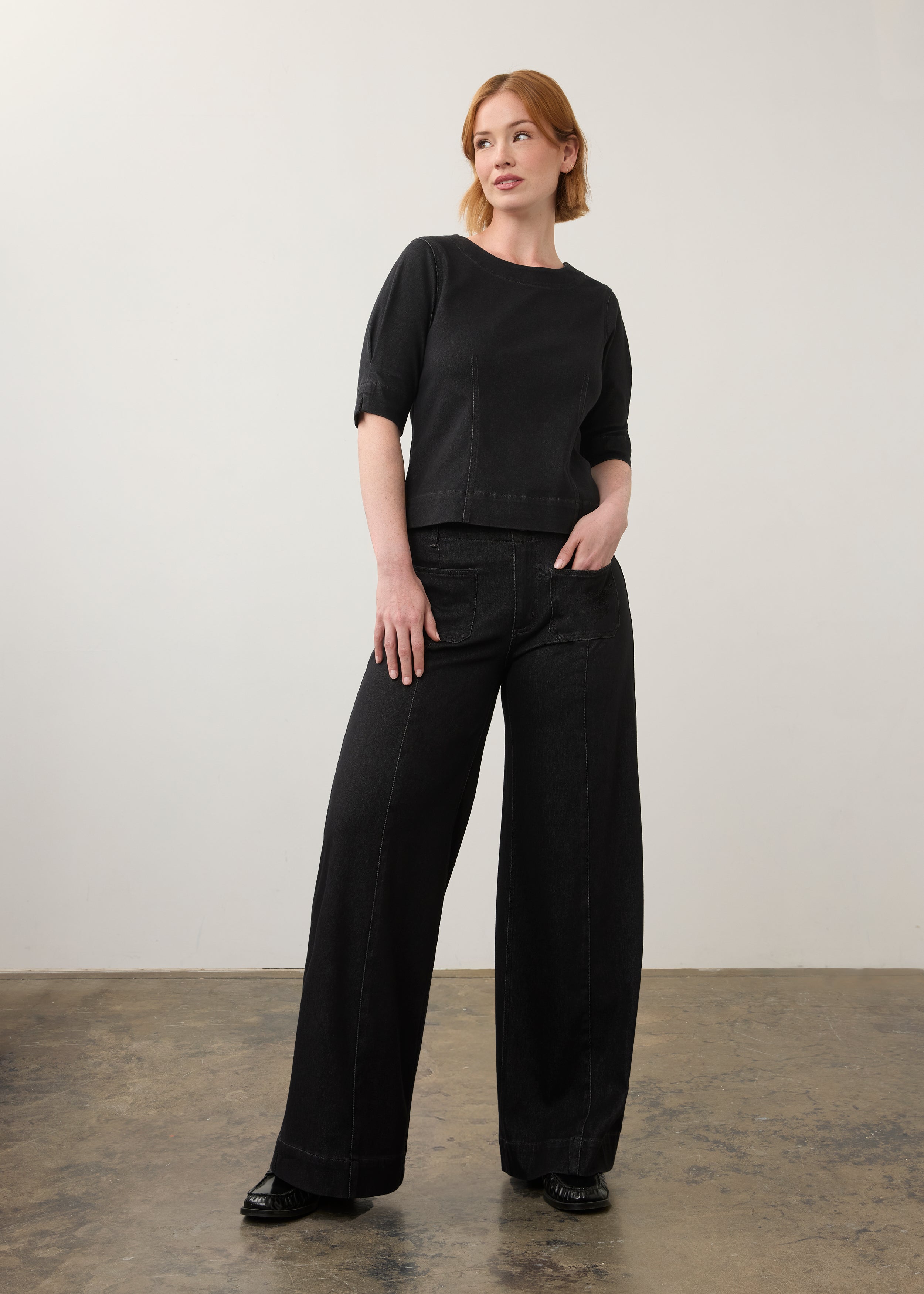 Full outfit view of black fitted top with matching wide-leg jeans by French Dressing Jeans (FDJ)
▬▬▬
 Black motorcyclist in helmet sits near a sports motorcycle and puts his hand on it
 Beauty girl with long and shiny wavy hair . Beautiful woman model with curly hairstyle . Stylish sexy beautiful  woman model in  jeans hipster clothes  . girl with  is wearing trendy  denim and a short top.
▬▬▬
* [Work item]:
Using the material above, transcribe exactly the lines from the line with "Black motorcyclist in" to the line with "Beauty girl with"; both count, and nothing else goes in.

* [Finished task]:
 Black motorcyclist in helmet sits near a sports motorcycle and puts his hand on it
 Beauty girl with long and shiny wavy hair . Beautiful woman model with curly hairstyle . Stylish sexy beautiful  woman model in  jeans hipster clothes  . girl with  is wearing trendy  denim and a short top.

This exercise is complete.